I was at Lake Lanier the other day in my spot. It’s a fantastic little spot with a picnic table on the lake’s edge. I’m not sure how many people know about it because it isn’t marked or overly easy to find. But I love it. I got there to journal or have breakfast and just talk to God. He and I meet there with some regularity.

Every time I go I feel like I come away with something new. And of course since I’m surrounded by trees on the edge of a giant lake, He’s gonna give me something to do with nature.

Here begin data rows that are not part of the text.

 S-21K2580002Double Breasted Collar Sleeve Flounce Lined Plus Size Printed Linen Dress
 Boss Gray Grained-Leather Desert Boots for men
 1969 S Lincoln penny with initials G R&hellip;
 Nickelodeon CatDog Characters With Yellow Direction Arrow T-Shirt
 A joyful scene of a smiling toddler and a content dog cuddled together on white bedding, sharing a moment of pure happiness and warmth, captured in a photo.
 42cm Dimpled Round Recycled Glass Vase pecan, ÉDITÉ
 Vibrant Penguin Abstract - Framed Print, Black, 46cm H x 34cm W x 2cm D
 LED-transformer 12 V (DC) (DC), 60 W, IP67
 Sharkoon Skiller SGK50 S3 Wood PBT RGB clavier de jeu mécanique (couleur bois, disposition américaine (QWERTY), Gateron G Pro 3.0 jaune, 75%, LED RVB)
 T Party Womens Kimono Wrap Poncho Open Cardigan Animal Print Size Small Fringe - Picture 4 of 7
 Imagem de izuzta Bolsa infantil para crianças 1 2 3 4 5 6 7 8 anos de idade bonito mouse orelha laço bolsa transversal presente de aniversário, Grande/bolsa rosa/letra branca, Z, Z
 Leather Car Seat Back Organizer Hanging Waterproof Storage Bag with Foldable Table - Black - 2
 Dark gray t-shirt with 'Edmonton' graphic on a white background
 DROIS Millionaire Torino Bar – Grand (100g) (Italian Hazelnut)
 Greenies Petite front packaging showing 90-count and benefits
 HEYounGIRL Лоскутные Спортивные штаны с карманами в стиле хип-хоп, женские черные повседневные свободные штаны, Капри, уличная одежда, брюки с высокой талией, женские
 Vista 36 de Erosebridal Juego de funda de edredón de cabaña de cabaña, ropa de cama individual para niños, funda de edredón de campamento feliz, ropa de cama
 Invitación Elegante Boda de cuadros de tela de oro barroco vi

My squad (A squad) knows all too well that I tend to take messages, ideas, and themes from nature. Like all the time. They’ve made fun of me for it at length. But that’s ok, because I really do love getting things from the Lord in nature. The constant flow of water, the way the moon reappears from behind some clouds, the force of hurricane, or even the curious nature of a duck.

He talks to me all the time in this way. I’ve learned to pay attention.

So it should come as no surprise that as I was sitting at this picnic table, my journal open, my 1500 liter Nalgene half drank, and my mind wandering that I noticed something.

That something was a giant wasp.

But not like any wasp I’d seen. This wasn’t your generic angry red. It was all black with a deep blue color on its wings. Then another showed up, this one orange like the progression of fire. Finally another that was more typical, but had black edges to it. A kind of crimson with black patterning.

All three of these wasps (and numerous others) were visiting all the weed-like flowers near where I was sitting. They would land on a flower, inspect it, and then fly to the next. Doing their wasp thing.

I begin to think about them. Really consider them.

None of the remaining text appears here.